Charonne, semaine 12

Ce midi, curieusement, j’étais au bureau. Non pour bosser, mais pour causer : les patrons ont fait une réunion pour discuter avec la rédaction du futur de la boîte. Y’a des trucs intéressants, on verra bien. L’occasion de remonter la ligne 2 à vélo, c’est vachement bien parce que c’est presque partout une piste cyclable séparée de la route, par contre j’ai encore raté l’entrée de la rue Riquet — à trop me repérer sur les stations de métro, je me fais avoir à chaque fois : celle qui fait l’angle n’est visible qu’après avoir passé le carrefour.

Sinon, la semaine est chaude niveau cinoche, avec quatre sorties de films que je voulais voir — en fait, même, cinq, mais les critiques m’ont convaincu que L’emmerdeur n’avait rien à voir avec le chef-d’œuvre de Molinaro et le splendide duo Brel-Ventura.

J’ai donc commencé par voir Mia et le migou, attiré par le titre et la promesse d’un « pillage de Miyazaki » selon la critique. Graphisme très particulier mais pas inélégant, mais curieusement film pas du tout simple en fin de compte, au point que je me demande si c’est vraiment un film pour petits. Peut-être à partir de 6 ou 8 ans pour les gamins curieux, mais sans doute pas pour des trois-quatre ans : la construction est ancrée dans la réalité nôtre, souvent un peu complexe. Ceci étant, y’a des gamins qui suivent : quand le promoteur immobilier tombe dans son trou, j’ai entendu fuser un « bien fait pour lui » bien senti quelque part à ma gauche.
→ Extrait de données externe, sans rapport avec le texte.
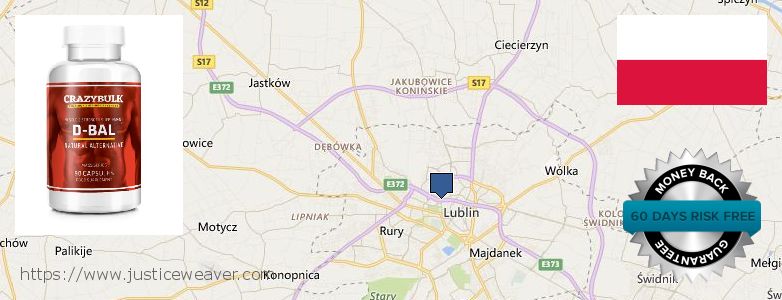 Wo kaufen Dianabol Steroids online Lublin, Poland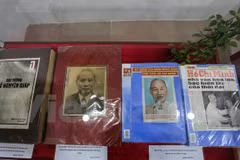 Le Musée de la presse vietnamienne est bien né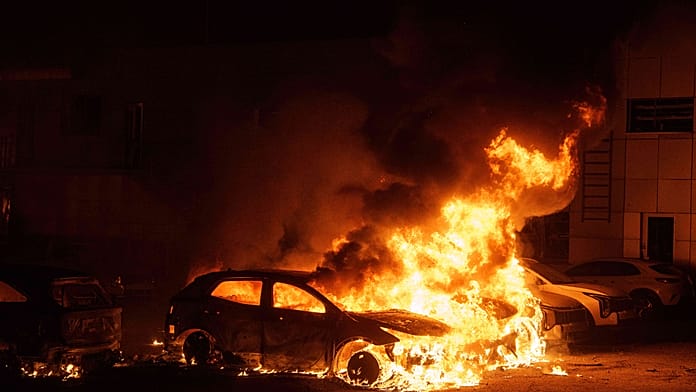 Ukrajna: halálos orosz csapások Kijevben, Odesszában és Dnyiprőben, 12 halott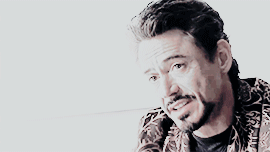 batnisss:@samthwilson requested: marvel + best smile ⇢ tony stark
Au final, c’est plutôt réussi.

Dans la foulée, celui dont j’attendais le plus est celui qui m’a le plus déçu : Burn after reading voit les Coen reprendre la recette la plus classique de leur répertoire, celle qu’on a déjà vue dans Sang pour sang, Fargo et The big Lebowski, sans rien renouveler, et l’on retrouve des faiblesses rythmiques qui plombaient un peu Le grand saut et un scénario à base de portes qui claquent grillé depuis l’invention du Vaudeville. Résultat des courses : on est très exactement à l’opposé de l’invention élégante d’un O’brother, where art thou ? ou d’un Intolérable cruauté, et on tourne en rond et à vide pendant (heureusement) seulement une heure et demie. Restera pour attirer l’indulgence la performance des acteurs, Brad et John étant proprement excellents et George impayable sauf les rares fois où il écarquille les yeux pour montrer que maintenant, il peut (et c’est trop).

Enfin, tout à l’heure, Le jour où la Terre s’arrêta, film de science-fiction apocalyptique, qui hélas passe largement à côté du sujet. L’idée est excellente : des extra-terrestres décident de sauver la planète, ce qui signifie la débarrasser de l’humanité. Mais l’essai n’est qu’à moitié transformé : si, d’un côté, on apprécie un bon film de politique-fiction bien mené et cohérent, on comprend moins ce que vient foutre là un happy end sur-annoncé et totalement hors-sujet. Et puis, finalement, l’humanité est sauvée à cause d’un gosse totalement insupportable de bout en bout, qui si j’étais à la place de Klaatu me renforcerait illico dans ma conviction que les bipèdes doivent débarrasser le plancher au plus vite. Reste que pour une fois, Keanu Reeves est nickel — toujours aussi inexpressif, mais là, ça va parfaitement au personnage, un peu comme Arnold dans Terminator et Liv dans Le seigneur des anneaux. Le film se laisse donc regarder, même si la dernière demi-heure est définitivement à côté de la plaque.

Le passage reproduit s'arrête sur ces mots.